I am flying to the UK tomorrow with my 4 year old son. 

Here is my problem...

My passport is in my maiden name. I booked under my married name as I wanted to be the same surname as my DS while travelling(he has his own passport). I thought I could just use my driving licence as ID which is in my married name but when I try to check in online it wants my passport details!

I can't check in at the airport as although I booked before 21st May when the check in online only rule came in ....I opted to check in online when I booked.

What do I do ???????
It costs 150 to change the name on the ticket 
	

	
	
		
		

		
			





Do I have any other options ??


----------



## MANTO (23 Jul 2009)

ice said:


> Hi,
> 
> I am flying to the UK tomorrow with my 4 year old son.
> 
> ...


 

Eek - i very much doubt it, this is Ryanair we are talking about - hopefully someone might have a solution - its basically a name change and unfortunatly the fault lies on your end


----------



## csl (23 Jul 2009)

Maybe bring your marriage certificate this will show both names.


----------



## ice (23 Jul 2009)

Phew...as I booked before the 21st May I can change back to checking in at the airport and just pay the check in charge of 10 euro each ..... 

I am shocked that it was so easy !!


----------



## MANTO (23 Jul 2009)

Happy days  I always like to see people get one over on Ryanair


----------



## Jammy (9 Sep 2009)

ice said:


> Phew...as I booked before the 21st May I can change back to checking in at the airport and just pay the check in charge of 10 euro each .....
> 
> I am shocked that it was so easy !!


 
Please help i booked flights before the 21st of May i have checked in on line but now realise that my sisters is Catherine on her pass port. Her name on her booking is Cathy as this is the name she goes with but its Catherine on her passport. I have rang ryanair and they said once i have checked in on line its to late to change it. Do you think there will be a problem


----------



## ice (9 Sep 2009)

If you have checked in online there is nothing you can do...I would go along and hope that they don't really look at the passport closely at the departure gate !


----------



## bleary (9 Sep 2009)

Go early and go to the desk -They might change it without a fee or not


----------



## Guest110 (9 Sep 2009)

You have to go to the check in desks for Ryanair to sort this out. If you dont and just go straight through to departures they will refuse you at the gate and you wont be able to depart. This happened to a friend of mine - he ended up having to get another flight over !


----------



## Maverick.ie (9 Sep 2009)

The passport number will be on the online check in document . Its happened to me in the Past with Anthony and Tony but I have not had a problem, similar with Daniel and Danny. Just check your printed check in form and make sure the passport number s the same and you should be ok. Good Luck enjoy the trip


----------



## Maverick.ie (9 Sep 2009)

..


----------



## feelinglow (10 Sep 2009)

I booked my sister under the wrong name last Nov and i had to pay 150 euro to change it.

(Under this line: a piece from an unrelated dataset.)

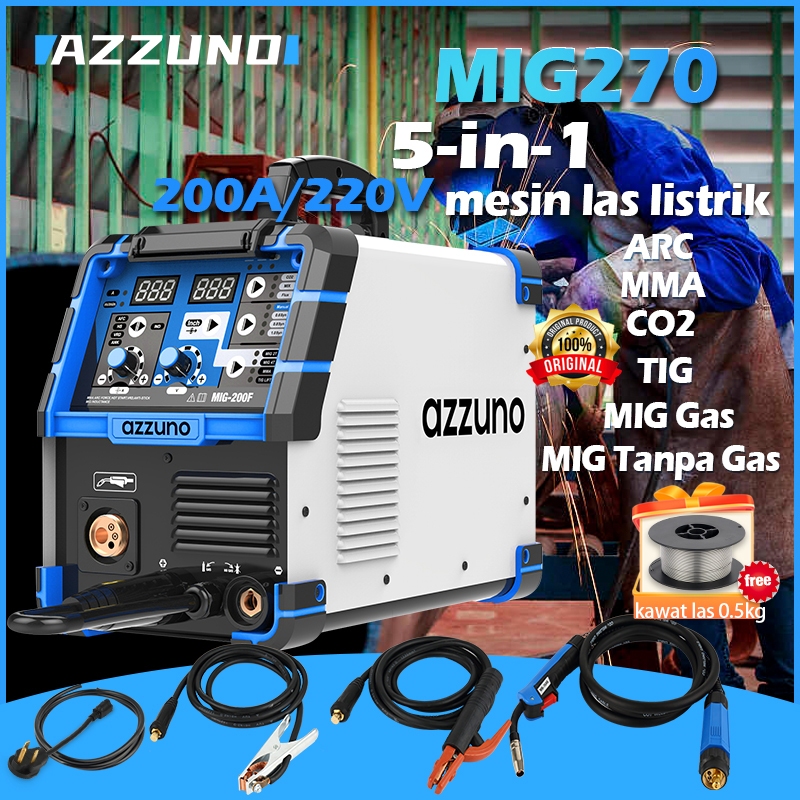 AZZUNO mesin las listrik argon multipro/mesin las aluminium/5 in 1 mesin las tig argon otomatis/trav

This was an air lingus flight to San Franisco.  An article appeared in the Irish times the next day saying this was an illegal charge so i rang air lingus and after alot of to-ing and fro-ing i got my money back evenually, took a while and alot of calls.


----------



## Jammy (10 Sep 2009)

ice said:


> If you have checked in online there is nothing you can do...I would go along and hope that they don't really look at the passport closely at the departure gate !


 
Do you think she will be refused to fly or anything???


----------



## TheShark (10 Sep 2009)

If her name is Catherine and she checked-in as Cathy I really dont think she will have a problem , some names are shortened , for example , my wife is Elizabeth on her passport , but is known as Lisa , and we have previously booked her as Lisa in error but never had a problem. As Maverick has said , they will more than likely just check that the passport numbers on the boarding card and passport match.


----------



## Jammy (10 Sep 2009)

Jammy said:


> Please help i booked flights before the 21st of May i have checked in on line but now realise that my sisters is Catherine on her pass port. Her name on her booking is Cathy as this is the name she goes with but its Catherine on her passport. I have rang ryanair and they said once i have checked in on line its to late to change it. Do you think there will be a problem


 

I rang ryanair this morning got this lovely girl she said there should be no problem and the most a charge is is €10.00. She said she knows of nobody that has been refused to fly cause of a full name being shortened. She said just be at the airport 2 hours prior to travelling and they will sort it. She seemed very nice and she put a note on the system to the Agent to day that i had tried to change it as soon as i realised the error.


----------